# FDA recall D-0007-2018

> **Boehringer Ingelheim Pharmaceuticals, Inc.** · Class III · drug recall initiated 2017-09-22.

## Product

Mobic (meloxicam) tablets, 15 mg, package in 100-count bottle, Rx only, Dist. by: Boehringer Ingelheim (BI) Pharmaceuticals, Inc., Ridgefield, CT 06877 USA, Lic. from: BI Int'l GmbH, Made in Italy, NDC 0597-0030-01

## Reason for recall

Labeling: Incorrect or missing package insert.

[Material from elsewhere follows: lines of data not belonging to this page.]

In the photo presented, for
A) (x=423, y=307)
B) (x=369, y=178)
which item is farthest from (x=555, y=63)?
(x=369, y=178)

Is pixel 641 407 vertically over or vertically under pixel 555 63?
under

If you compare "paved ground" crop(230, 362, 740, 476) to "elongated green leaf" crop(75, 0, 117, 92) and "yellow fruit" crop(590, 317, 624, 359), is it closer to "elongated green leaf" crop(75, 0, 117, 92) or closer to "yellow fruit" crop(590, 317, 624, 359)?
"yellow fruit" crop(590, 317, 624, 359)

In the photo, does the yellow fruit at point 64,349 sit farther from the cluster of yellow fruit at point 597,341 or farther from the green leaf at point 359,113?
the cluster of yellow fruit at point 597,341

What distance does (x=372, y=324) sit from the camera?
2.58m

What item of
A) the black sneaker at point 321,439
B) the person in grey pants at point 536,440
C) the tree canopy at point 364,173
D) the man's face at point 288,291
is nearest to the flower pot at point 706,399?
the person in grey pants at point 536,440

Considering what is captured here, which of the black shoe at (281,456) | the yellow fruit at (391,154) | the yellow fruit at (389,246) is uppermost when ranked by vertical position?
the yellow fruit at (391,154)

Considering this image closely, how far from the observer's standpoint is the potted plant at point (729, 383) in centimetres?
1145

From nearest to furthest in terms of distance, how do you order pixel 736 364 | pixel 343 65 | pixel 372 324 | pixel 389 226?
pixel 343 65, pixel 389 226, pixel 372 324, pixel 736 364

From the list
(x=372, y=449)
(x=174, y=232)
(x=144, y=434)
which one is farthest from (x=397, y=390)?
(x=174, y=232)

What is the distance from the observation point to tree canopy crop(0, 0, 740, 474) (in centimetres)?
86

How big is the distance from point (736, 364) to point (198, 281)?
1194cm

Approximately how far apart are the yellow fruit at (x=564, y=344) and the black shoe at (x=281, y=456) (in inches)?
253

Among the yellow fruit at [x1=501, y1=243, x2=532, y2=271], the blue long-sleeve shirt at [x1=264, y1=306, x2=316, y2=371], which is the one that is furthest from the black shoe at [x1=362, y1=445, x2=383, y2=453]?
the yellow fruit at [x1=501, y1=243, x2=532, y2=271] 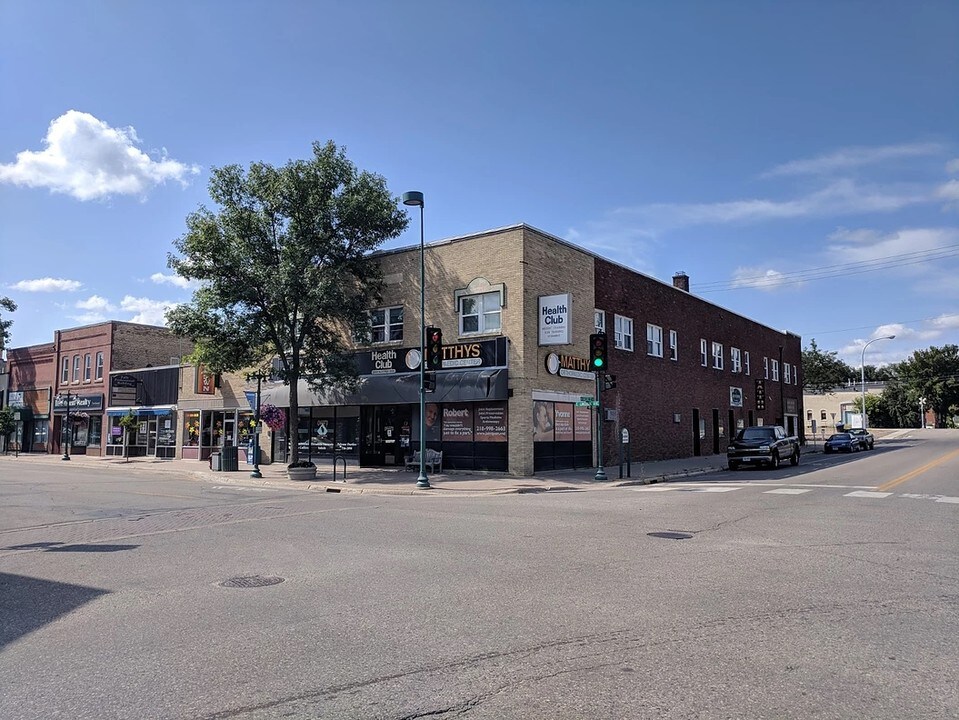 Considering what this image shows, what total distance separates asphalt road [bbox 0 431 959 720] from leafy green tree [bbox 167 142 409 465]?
40.5 feet

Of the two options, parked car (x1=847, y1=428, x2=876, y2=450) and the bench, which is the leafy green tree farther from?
parked car (x1=847, y1=428, x2=876, y2=450)

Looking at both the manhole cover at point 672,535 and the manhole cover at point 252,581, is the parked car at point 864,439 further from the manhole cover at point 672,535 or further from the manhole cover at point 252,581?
the manhole cover at point 252,581

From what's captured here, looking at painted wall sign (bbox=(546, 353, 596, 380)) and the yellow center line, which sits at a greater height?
painted wall sign (bbox=(546, 353, 596, 380))

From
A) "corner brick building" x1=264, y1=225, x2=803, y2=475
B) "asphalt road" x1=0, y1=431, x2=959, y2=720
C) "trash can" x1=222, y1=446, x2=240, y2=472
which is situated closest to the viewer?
"asphalt road" x1=0, y1=431, x2=959, y2=720

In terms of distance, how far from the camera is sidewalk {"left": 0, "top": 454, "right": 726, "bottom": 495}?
66.2 feet

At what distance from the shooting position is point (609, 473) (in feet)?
80.8

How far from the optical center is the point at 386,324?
27609 millimetres

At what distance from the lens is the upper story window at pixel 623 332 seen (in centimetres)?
2959

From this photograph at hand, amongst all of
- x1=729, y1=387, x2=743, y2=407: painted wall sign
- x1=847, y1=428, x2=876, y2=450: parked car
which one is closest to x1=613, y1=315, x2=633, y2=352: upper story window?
x1=729, y1=387, x2=743, y2=407: painted wall sign

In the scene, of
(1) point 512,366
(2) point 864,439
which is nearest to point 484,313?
(1) point 512,366

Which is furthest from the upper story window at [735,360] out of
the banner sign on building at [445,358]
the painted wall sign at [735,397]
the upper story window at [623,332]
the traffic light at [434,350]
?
the traffic light at [434,350]

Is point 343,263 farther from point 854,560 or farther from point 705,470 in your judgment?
point 854,560

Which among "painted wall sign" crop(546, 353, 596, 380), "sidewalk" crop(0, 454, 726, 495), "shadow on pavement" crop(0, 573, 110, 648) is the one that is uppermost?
"painted wall sign" crop(546, 353, 596, 380)

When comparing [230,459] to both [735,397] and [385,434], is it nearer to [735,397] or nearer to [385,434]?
[385,434] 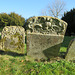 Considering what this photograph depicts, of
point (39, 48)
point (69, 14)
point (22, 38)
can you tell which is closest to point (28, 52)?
point (39, 48)

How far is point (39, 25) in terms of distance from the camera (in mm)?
3953

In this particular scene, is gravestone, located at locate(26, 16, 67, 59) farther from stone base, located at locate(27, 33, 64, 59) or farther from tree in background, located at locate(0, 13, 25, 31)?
tree in background, located at locate(0, 13, 25, 31)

One lot of Mobic Tablets is packaged with an incorrect insert.

## Distribution

CO, OH

## Key facts

- **Recall number:** D-0007-2018
- **Recalling firm:** Boehringer Ingelheim Pharmaceuticals, Inc.
- **Classification:** Class III
- **Product type:** drug
- **Status:** Terminated
- **Initiation date:** 2017-09-22
- **Report date:** 2017-10-18
- **Termination date:** 2018-04-18

- **Voluntary/Mandated:** Voluntary: Firm initiated
- **Location:** Danbury, CT, United States

## Primary source

FDA Enforcement Reports: https://www.accessdata.fda.gov/scripts/ires/index.cfm?Product=D-0007-2018

## Citation

> AI Analytics. FDA recall D-0007-2018. Retrieved 2026-07-11 from https://api.ai-analytics.org/recall/D-0007-2018. Source: US FDA. Licensed CC0.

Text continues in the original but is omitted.